*Exercise material*.
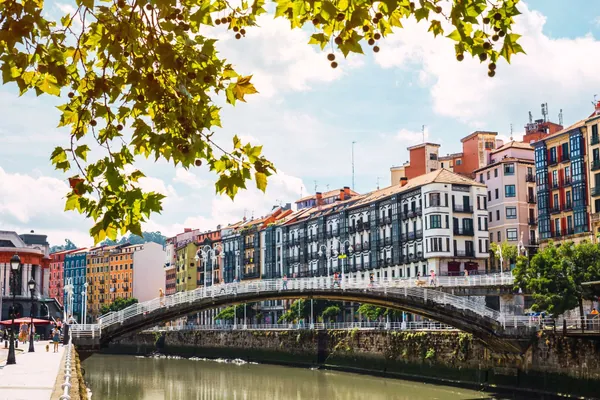 Cuánto cuesta un entierro en Bilbao en 2026: una vista de la ciudad de Bilbao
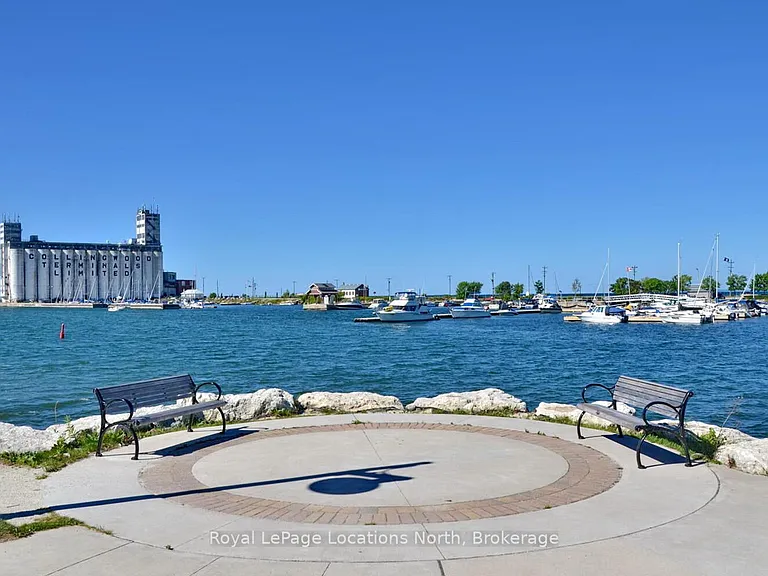 31 Huron St #603 — Photo 43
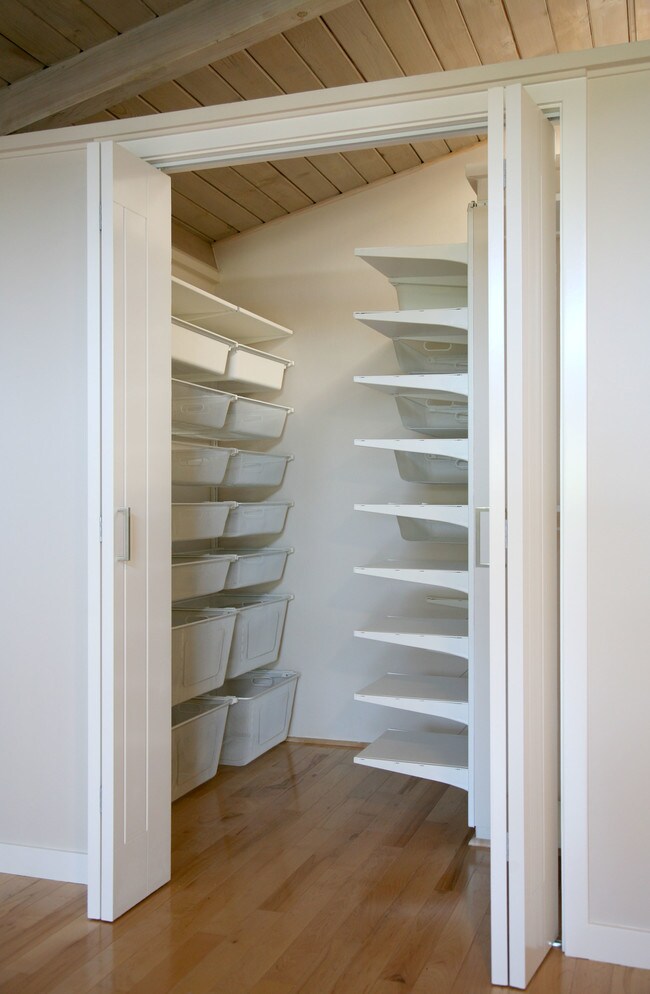 Building Photo - 278 Monroe Dr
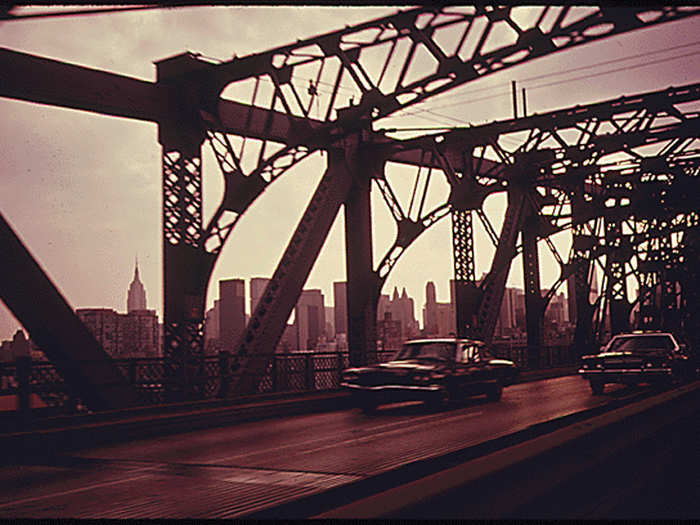 Williamsburg Bridge facing towards Manhattan.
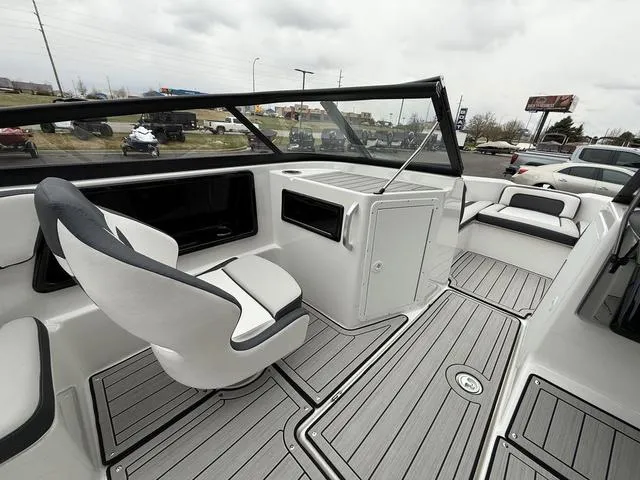 Slide: The Image of Yamaha 195S 2025 - 27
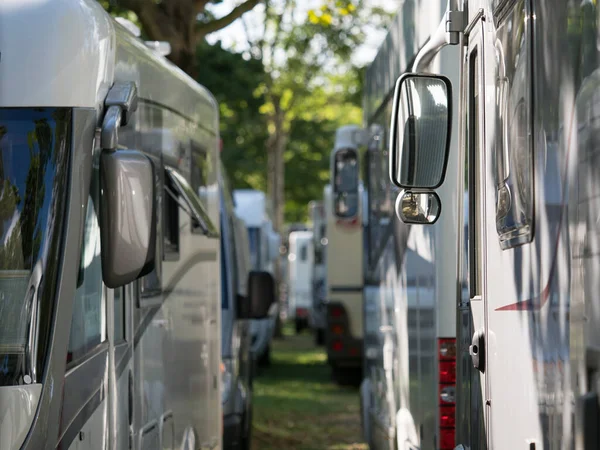 Dusseldorf 'taki Karavan Fuarı' nda bir dizi karavan yan yana park edilmiş durumda. Etki için alan daralıyor. 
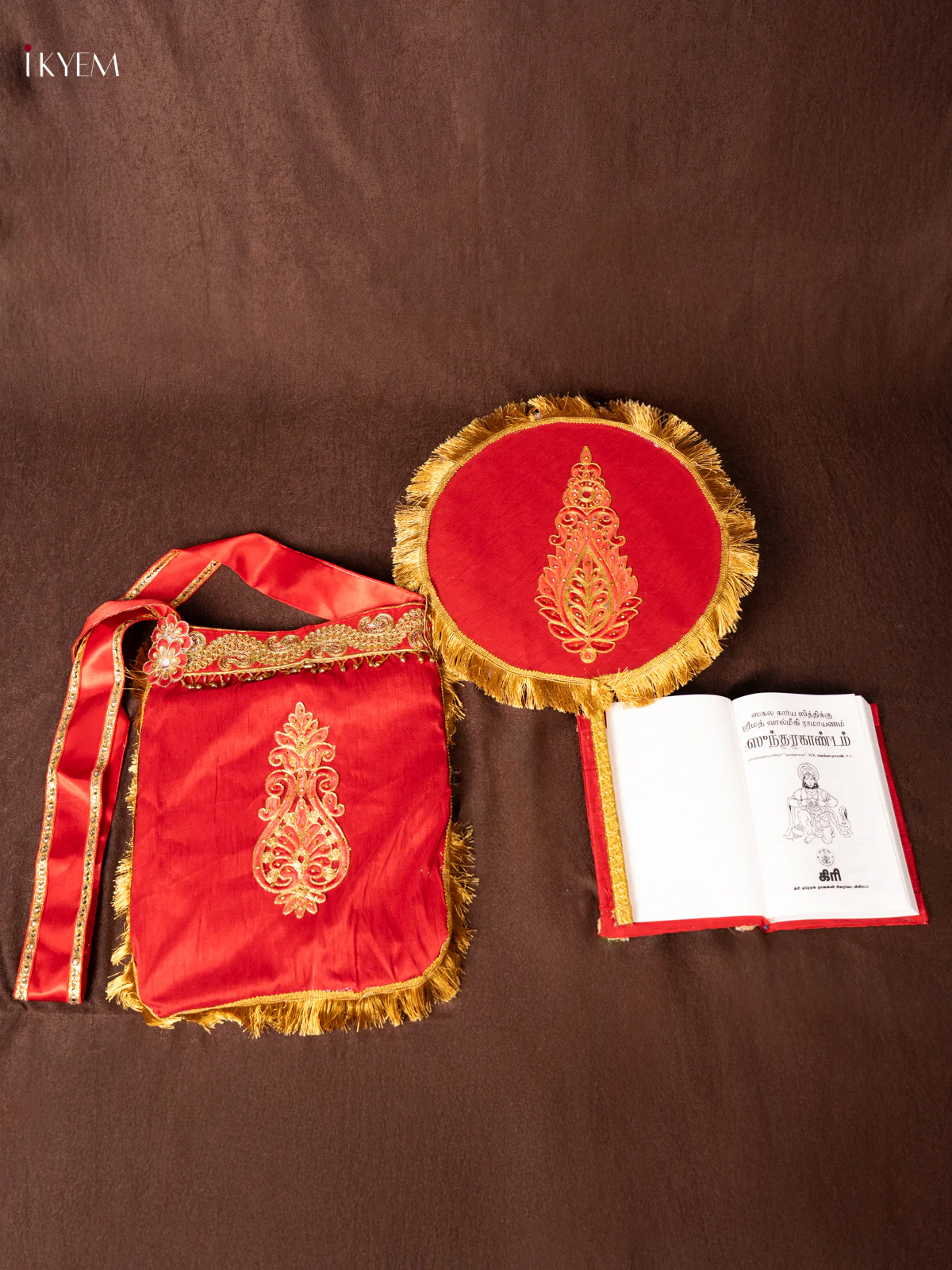 Kasi Yatra Set - Red and Gold - KN31243 - Image 2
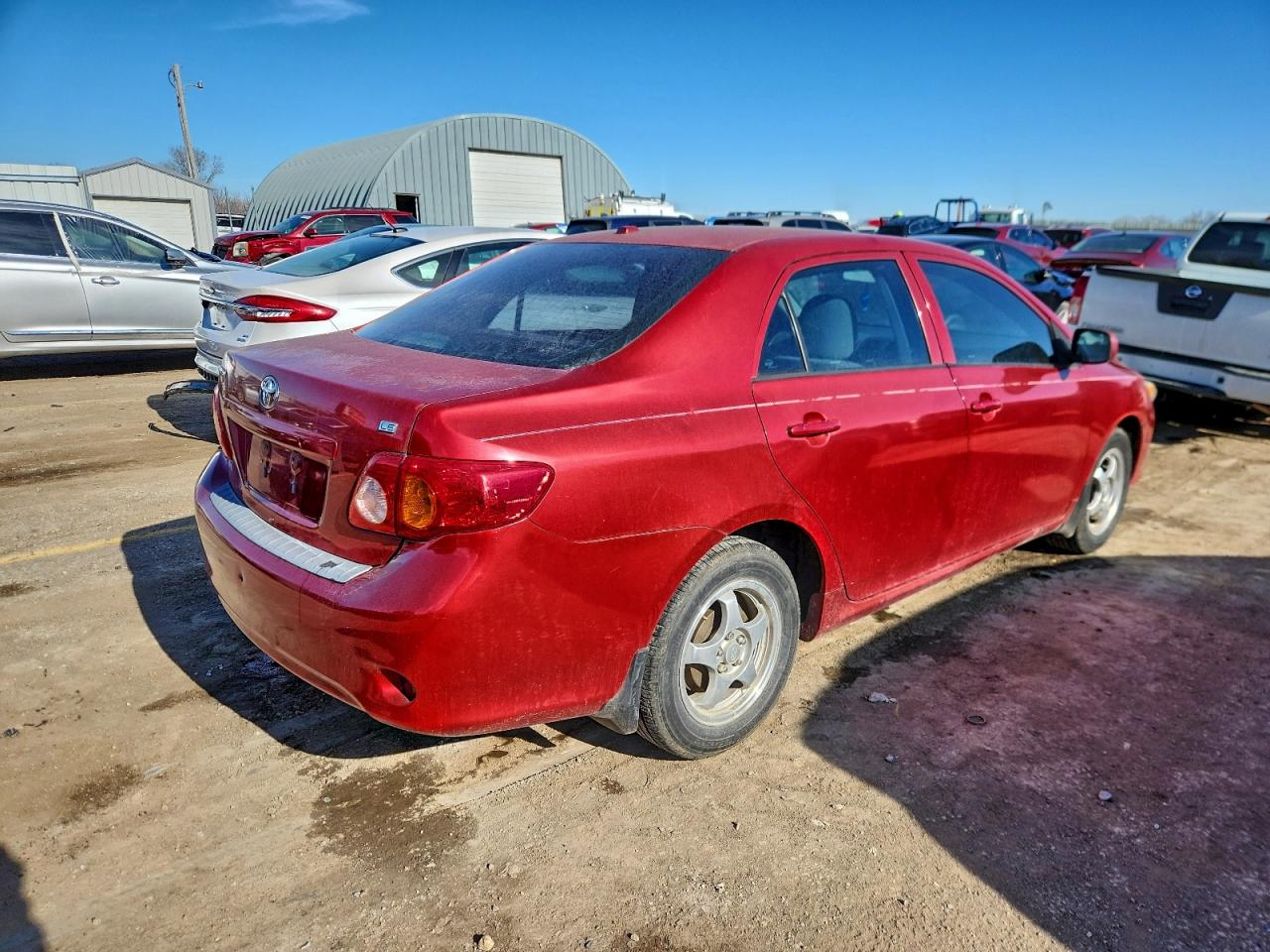 Toyota Corolla Base Image 9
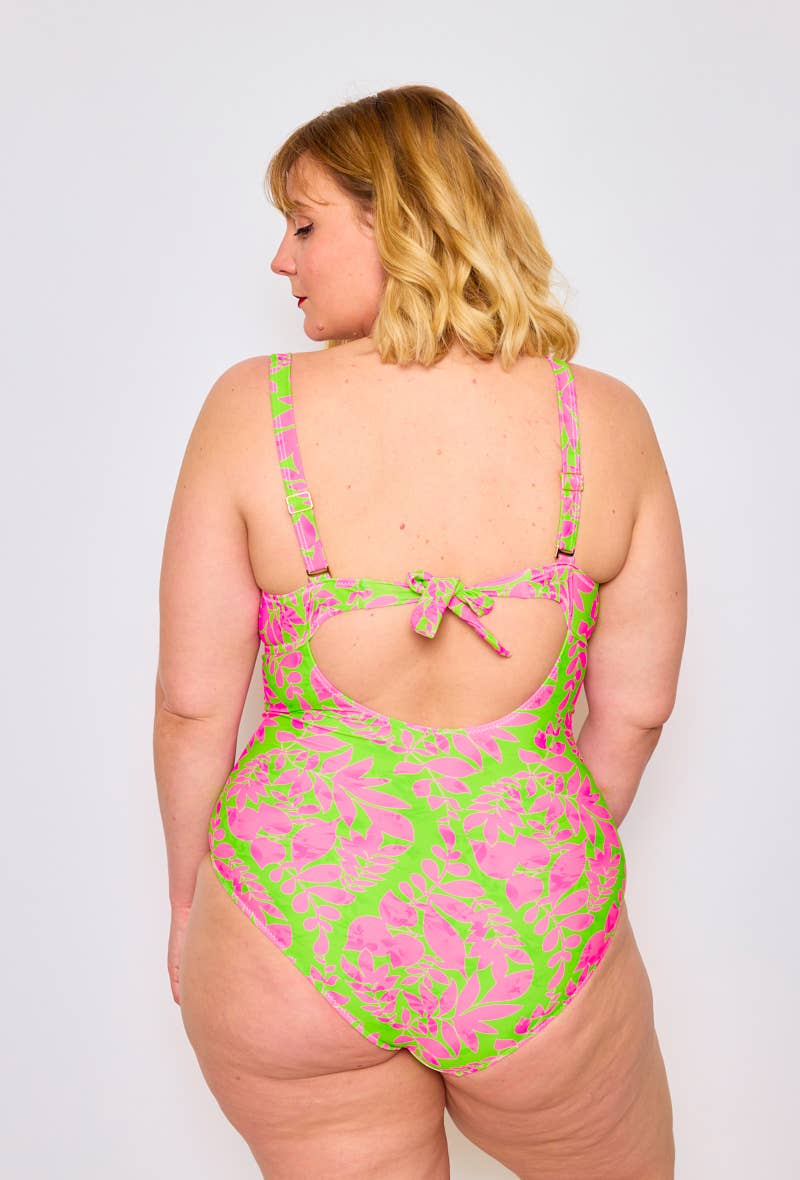 C'MELODIE - Wholesale One Piece Swimsuit - Women's - Plus Size – Baroque Print One-Piece Swimsuit5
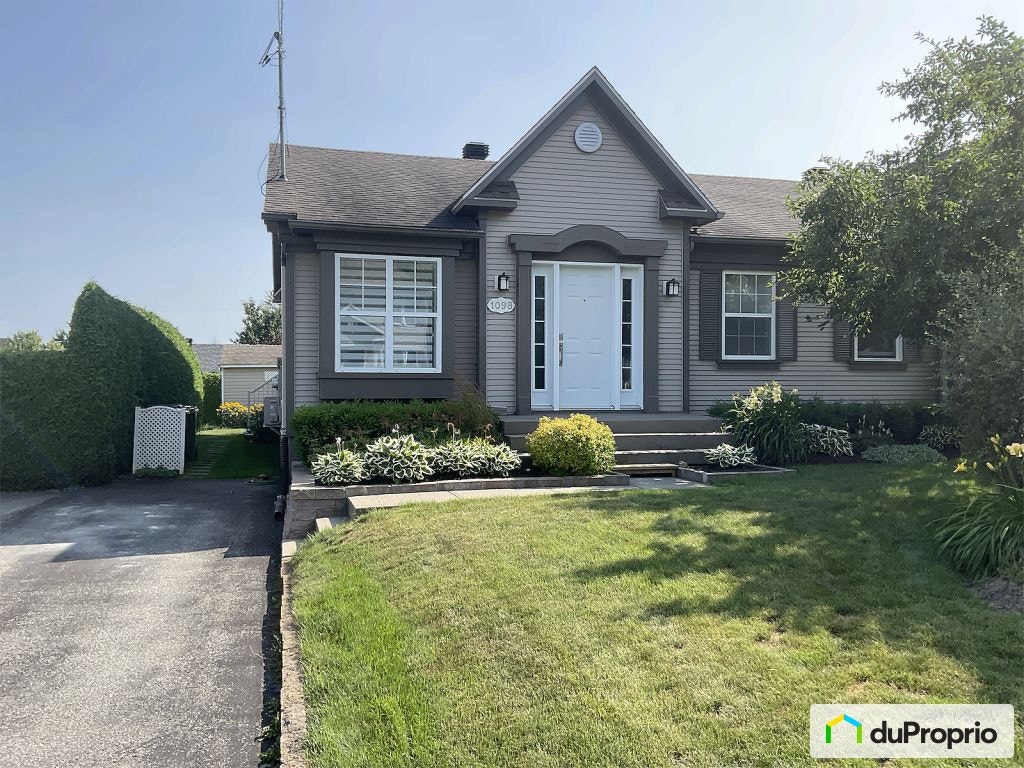 $405,000 - Semi-detached for sale in Sherbrooke (Rock Forest) — photo 1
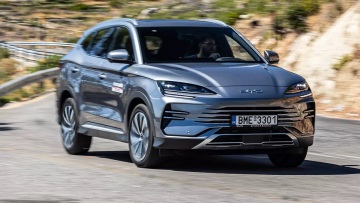 Ποιος είπε ότι όλα τα BYD είναι ηλεκτρικά; - Δοκιμάζουμε το υβριδικό SUV - Πόσο κοστίζει;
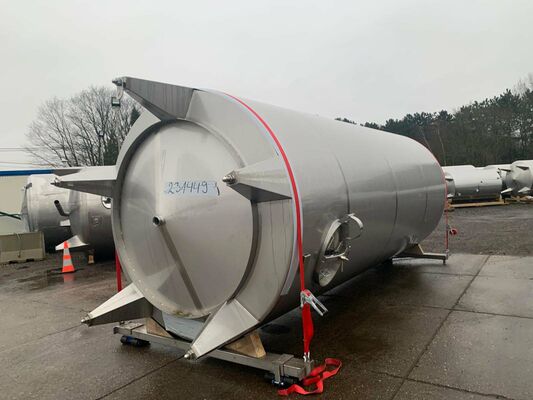 1 x Nieuwe roestvrijstalen verticale opslagtank van 26.000L in AISI316L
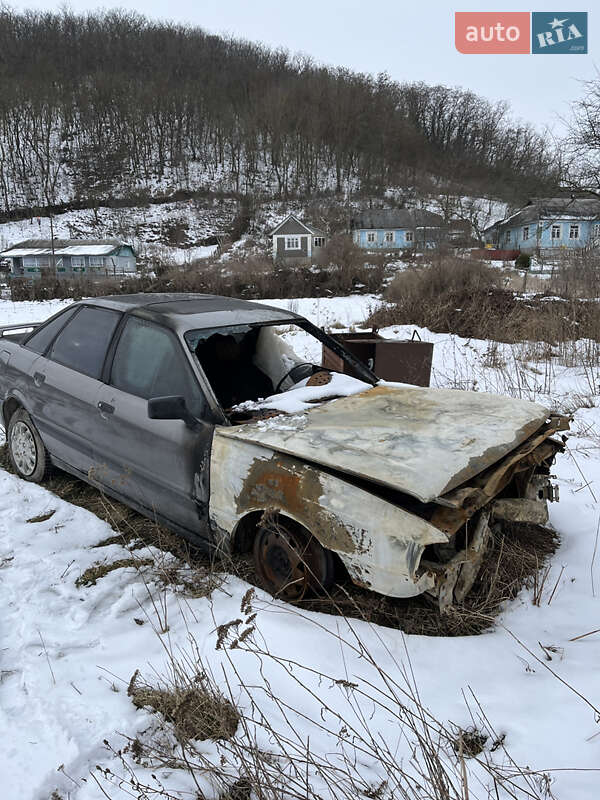 Седан Audi 80 1989 в Новой Ушице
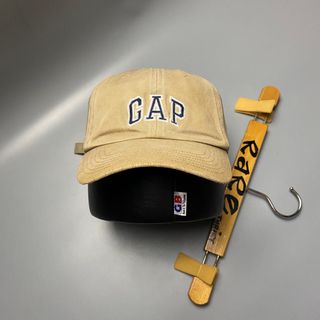 (Category: ) located in . Submitted by y2k.luxury.streetwear.outdoor (Listing ID 1393203622, Image 1). Description: .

*Task item*.
What is needed is an exact copy of the lines from the line with "Toyota Corolla Base Image 9" to the end of the data above, both included, without any pictures.

*Result*.
 Toyota Corolla Base Image 9
 C'MELODIE - Wholesale One Piece Swimsuit - Women's - Plus Size – Baroque Print One-Piece Swimsuit5
 $405,000 - Semi-detached for sale in Sherbrooke (Rock Forest) — photo 1
 Ποιος είπε ότι όλα τα BYD είναι ηλεκτρικά; - Δοκιμάζουμε το υβριδικό SUV - Πόσο κοστίζει;
 1 x Nieuwe roestvrijstalen verticale opslagtank van 26.000L in AISI316L
 Седан Audi 80 1989 в Новой Ушице
 (Category: ) located in . Submitted by y2k.luxury.streetwear.outdoor (Listing ID 1393203622, Image 1). Description: .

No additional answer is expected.